COVID in Pixels explores the impact that COVID-19 has had on humanitarian efforts using Natural Language Processing (NLP) techniques on global media discourse.
PROJECT DURATION
3 Months
MY ROLE
Researcher
Data Scientist
Designer
TEAM
Tamara Lottering
Tashfeen Ahmed
Xiaohang Xu
Minjia Zhao
Jin Mu
TOOLS & METHODS
Python for NLP
Topic Modelling
TF-IDF
Collocation Analysis
HighCharts.js
AmCharts
THE PROBLEM
The first case of the coronavirus (COVID-19) was reported to the World Health Organization (WHO) in December 2019, and the virus was subsequently declared a pandemic in March 2020. The pandemic has had an enormous impact on economies across the globe, as governments are shifting their efforts towards healthcare interventions for testing, hospitalization and vaccination development; reviving the economy and distributing stimulus packages for unemployed citizens etc, putting their citizens first.
RESEARCH QUESTION
We explored the following research questions in this project:
What is the impact of COVID-19 on the language around 'humanitarianism' in global media discourse?
Who donates humanitarian aid and who are its recipients? What kinds of aid is donated and what are the values attached to it?
METHODOLOGY
We used text analysis and NLP to analyse a corpus of humanitarian media discourse from three categories of countries, predefined by our data holders at the University of Edinburgh and UNHCR. The humanitarian media discourse corpus was analysed from Dec 2019 - Aug 2020.
Euro-Atlantic Countries: USA, UK, Germany, France
Gulf Donors: UAE, Kuwait, Qatar, Saudi Arabia
New Global Media Players: China, Russia, Iran and Turkey
This analysis gave us insight into:
The approaches of global nations humanitarian efforts.
Where humanitarian aid was flowing.
The key topics discussed in global media during that period of time.
Text Analysis and NLP
Initially, our cleaning & pre-processing involved corpus tokenisation, normalisation, stemming, and stopword processing to clean the dataset.
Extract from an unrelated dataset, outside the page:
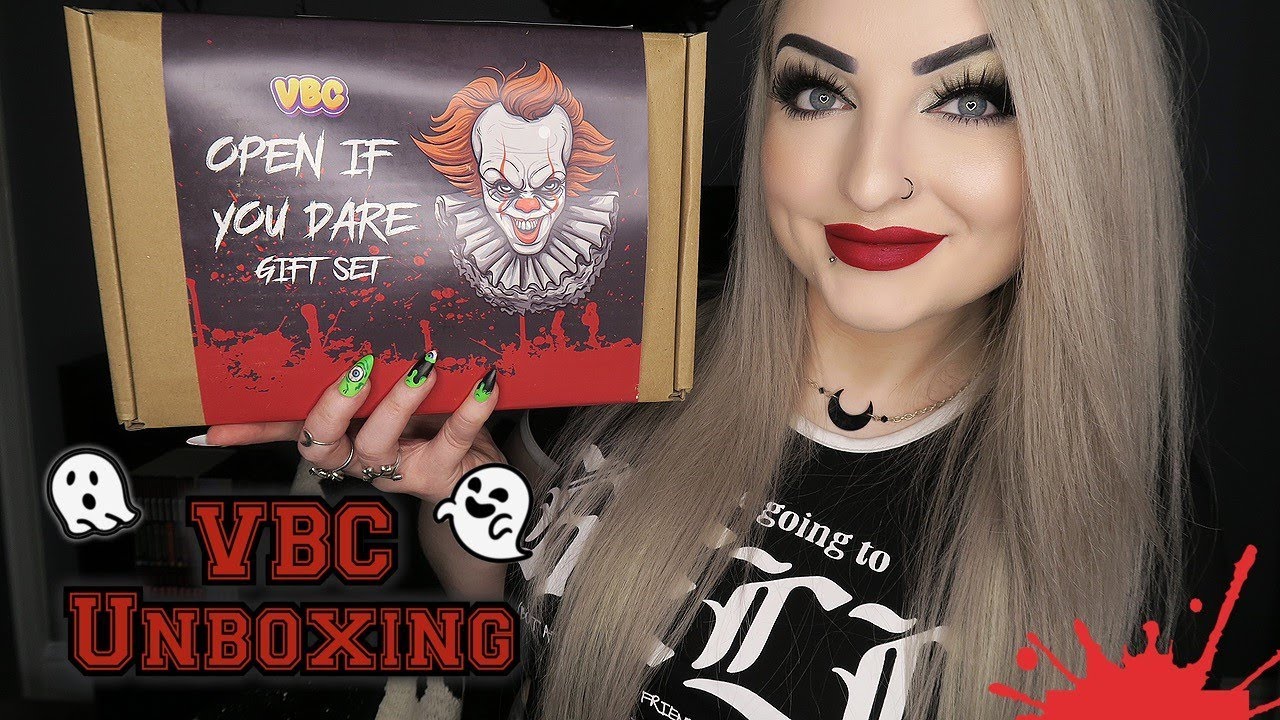 VBC Gift Sets Unboxing - Horror & Halloween Bathbombs & Soaps!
Thereafter, we analysed the collocation of terms using n-grams. We found that Trigrams (n=3) yielded better results than bigrams (n=2) since they revealed the context of how the terms were used.
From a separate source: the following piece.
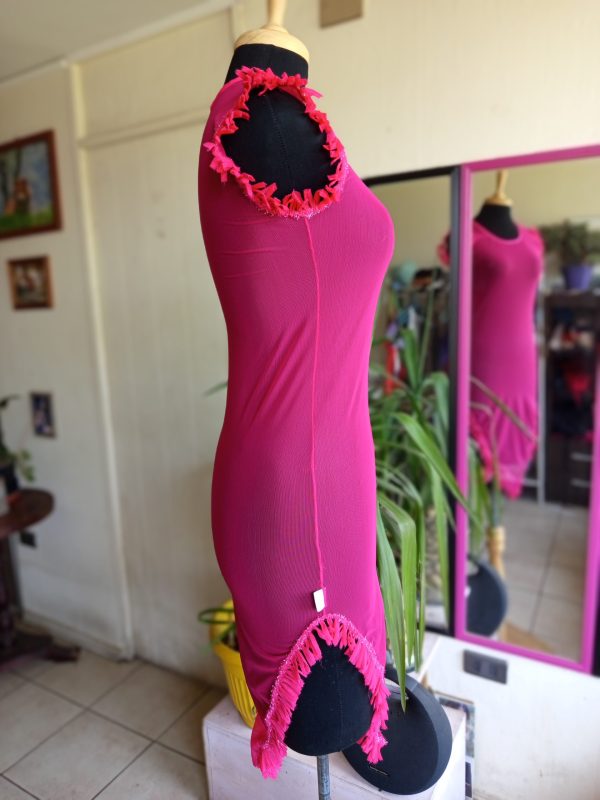 Vestido malla Fucsia - Imagen 3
To better understand the topics discussed in humanitarian media discourse over time, I performed LSA and LDA topic modelling and explored the most frequently used terms using TF-IDF. The term frequency gave us a better idea about the topics that we could compare.
Exploratory Data Analysis (EDA)
We used Highcharts.js and AmCharts to show visualisations. The goal was to make the viewers quickly grasp key insights from the data.
END RESULT
We built a website called COVID-in-Pixels, hosted on Github pages. It features a timeline of news articles along with other informative data visualisations. The data was generated in Python and exported to JSON for JavaScript-based visualisations.